Каждый вечер, в час, когда солнце падает за горизонт, как молот приговора, двойник, сидя под цезальпинией, обращается в слух, внимая обездоленным.

— Делай, как мой отец, — приказал ему Перейра, — выслушивай их в определенный час; придавай своему взгляду сколь нужно человечности и молчи. Чтобы показать, что аудиенция окончена, ограничивайся словами: «Я тебя выслушал» — и переходи к следующему.

— И это все? — спросил двойник.

— И это настоящий переворот, — подтвердил Перейра. — Никто никогда их не слушал, им понадобится три поколения, чтобы начать требовать чего-то еще; а к тому времени уже ни ты, ни я не будем в состоянии выслушивать кого бы то ни было.
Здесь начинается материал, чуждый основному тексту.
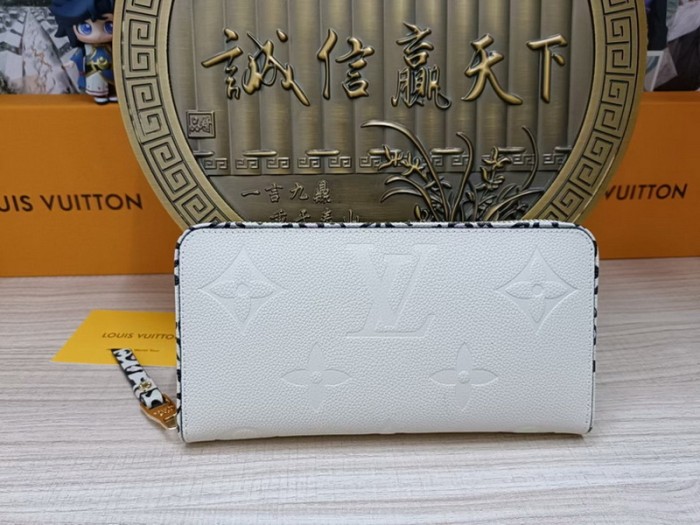 Super Perfect LV Wallet-215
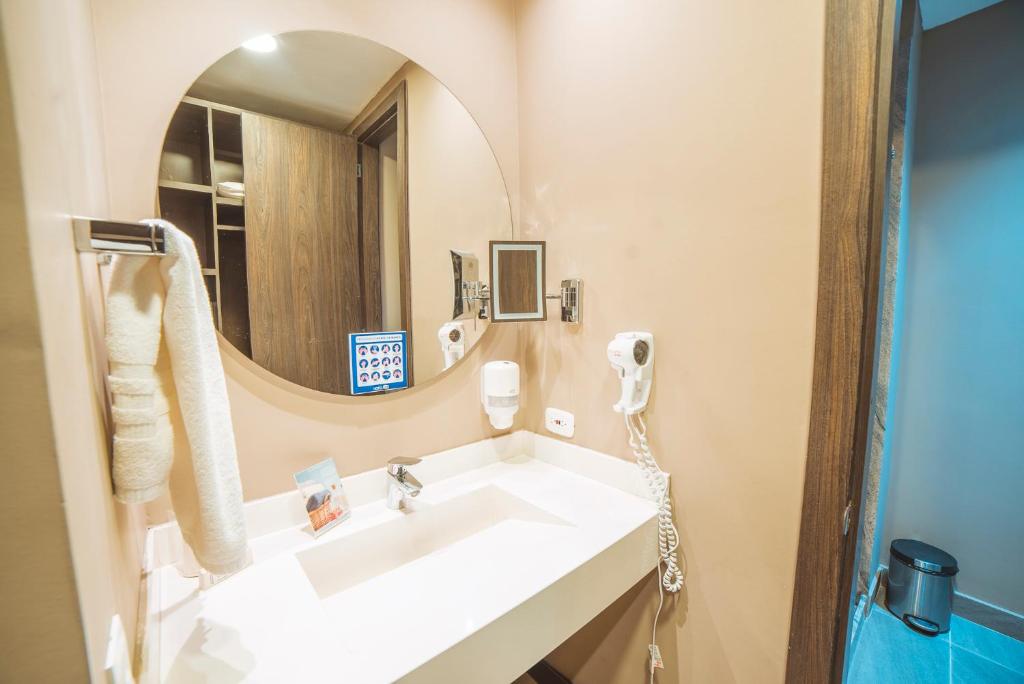 Koupelna v ubytování Hotel F25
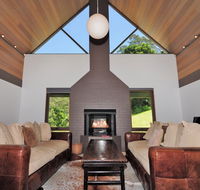 Yeola - Accommodation Gold Coast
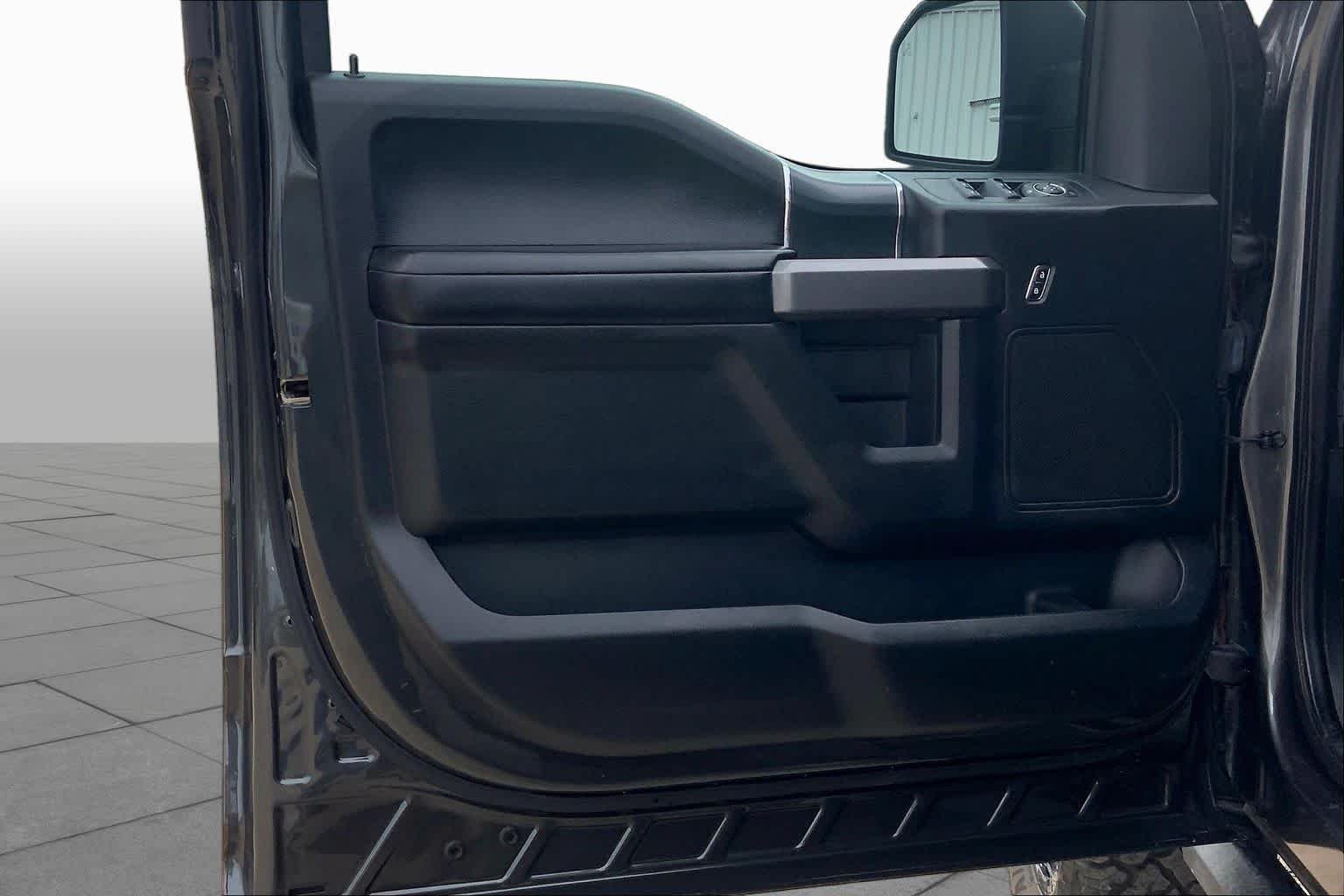 Used 2020 Magnetic Metallic Ford XLT image 20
Насколько двойнику нравится метать в толпу речи Перейры и замечать, как обращенные на него взгляды загораются его искренностью, настолько же он ненавидит эти сеансы вечерних стенаний. Трудно сохранять вид, что слушаешь, когда по-настоящему не слушаешь. Не задремать, ничем не выказать собственного нетерпения, не начать считать, сколько еще человек осталось в очереди, не думать об ужине, забыть о неотступном желании выпить бананового пива, не поддаваться очарованию женщин («Я — целомудренный президент!»), не чесать, где чешется, контролировать свой мочевой пузырь, производить впечатление, что ты всей душою здесь, в то время когда тебе хотелось бы быть… А где, собственно? Где бы ему хотелось находиться, не будь он здесь? Главное, не задавать себе вопросов, слушать, выслушивать каждого так, как если бы он единственный пришел жаловаться — черт возьми, сколько же их еще в этой очереди? — и выслушивать его, как будто ты единственное ухо, способное услышать, ухо, которое значит больше, чем чрево матери, больше, чем небесный Отец в решающий час.